All right, so you went out and did a potential study on the gauge you have been using in production for 35 years and found that there was no way it could reliably determine if a product was truly conforming or not conforming to current specs. You call in your gauge salesperson and ask her to show you some possibilities for replacement. They all look cool, especially the ones with all the pretty lights, but you need a gauge to make decisions with, not (just) to look like a Christmas tree. So you challenge the gauge vendor to a short-term study and find a gauge that potentially has the capabilities that would enable you to determine conformance to current specifications.

Still, having been burned by your not-so-trusty gauge, you tell the vendor that you will buy the new gauge if it passes a long-term study that is administered by you and performed by the people who will actually use the gauge. Good news… the new gauge passes the test. It is stable over time and the measurement variability is small compared to the width of the spec, so you can be assured that the conformance decisions you make with the gauge are correct.

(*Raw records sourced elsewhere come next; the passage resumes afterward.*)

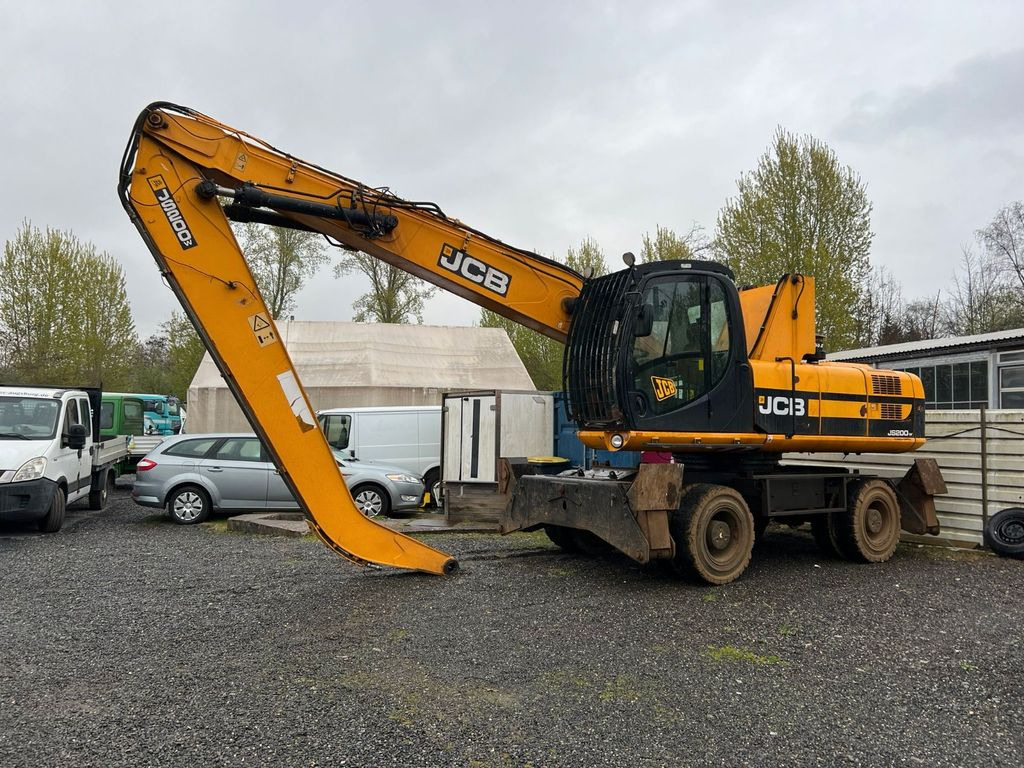 JCB JS 200 W Umschlagbagger JCB JS 200 W Umschlagbagger - حفارة دولاب: صورة 1 JCB JS 200 W Umschlagbagger JCB JS 200 W Umschlagbagger - حفارة دولاب: صورة 1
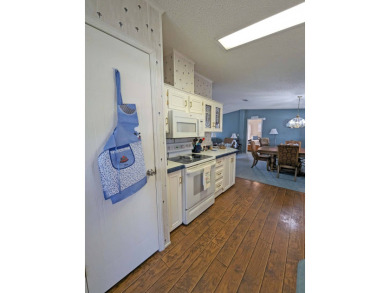 2 Bedroom | 2 Bath | 1,288 sq ft | $125,000    Welcome Home to on Four Lakes Golf Club in Florida - for sale on GolfHomes.com, golf home, golf lot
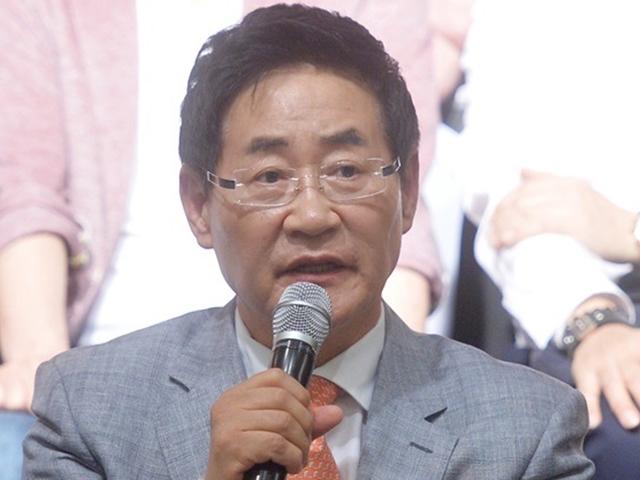 [단독] '원조 세시봉' 윤형주, 물류단지사업 '20억 사기혐의' 피소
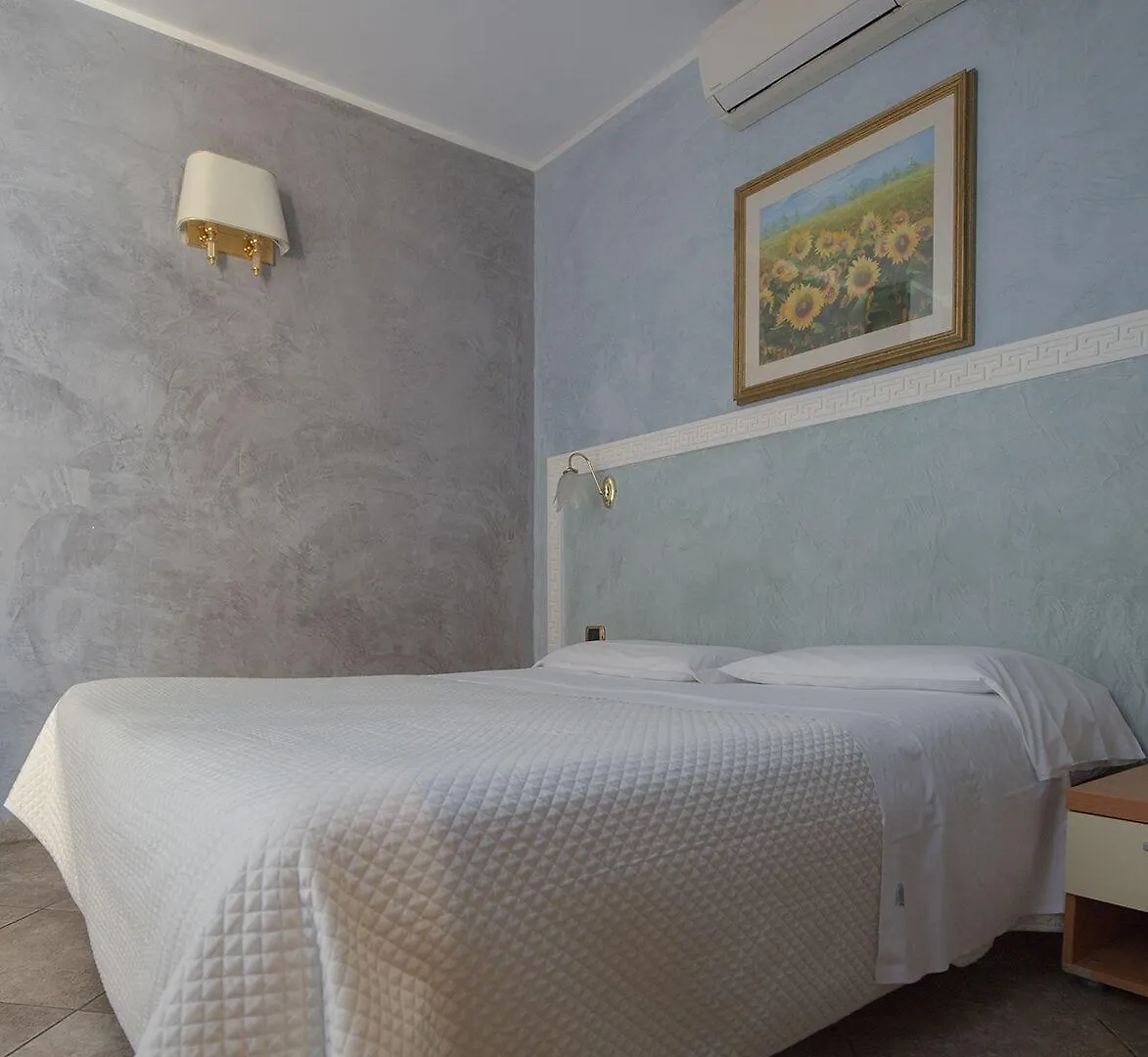 Hotel Angelica Florencie 2*,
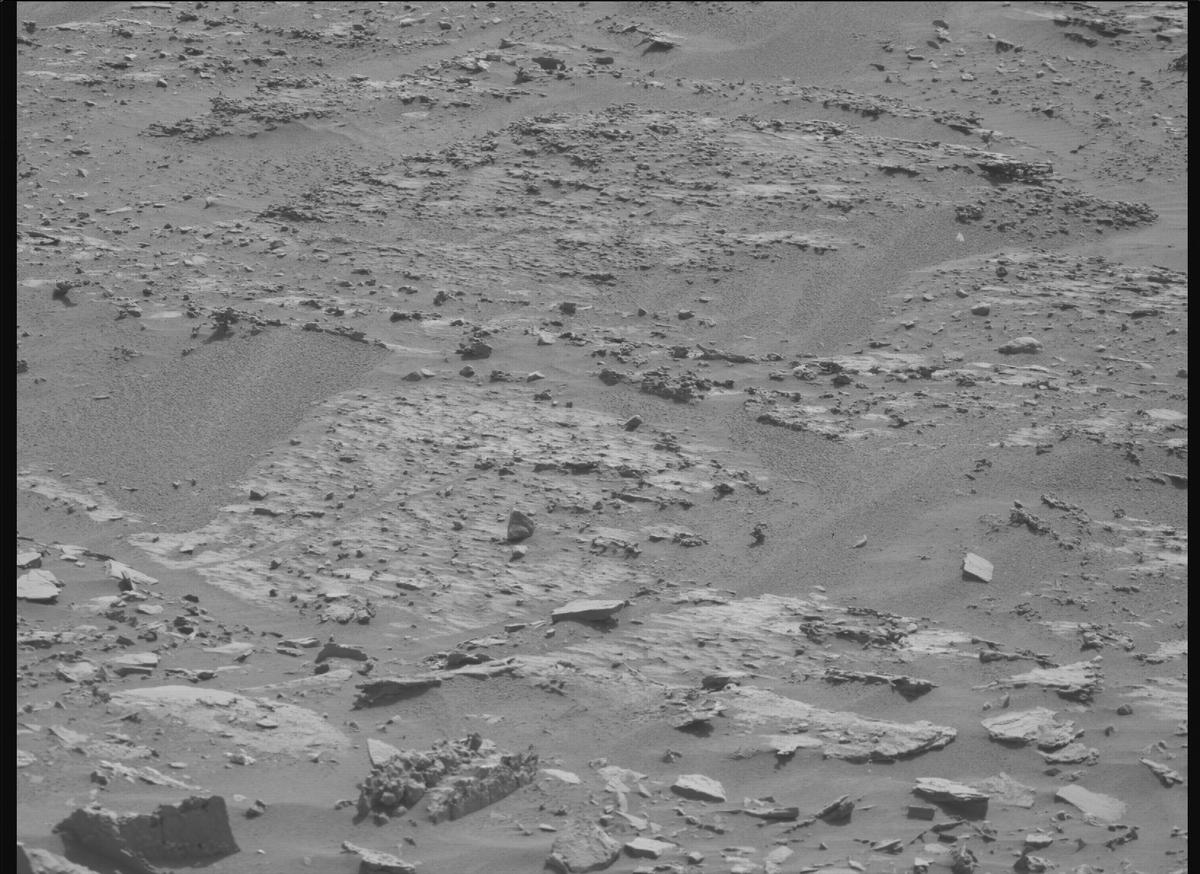 This image was taken by MCZ_RIGHT onboard NASA's Mars rover Perseverance on Sol 1183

Even better, with a percentage of reliability and repeatability (%R&R) of 10 percent, you can do a much better job detecting effects when you run your experiments to improve quality; so you get to use a much smaller sample size to boot.

Then Sparky comes in (everyone works with a Sparky, though sometimes his name is Bob) and says, “Well, all that work you have done so far doesn’t guarantee your fancy new gauge is going to give the correct answer tomorrow, now does it?” He says it with a little sneer, Sparky does, as he thinks the best way to a promotion is to push everyone else down.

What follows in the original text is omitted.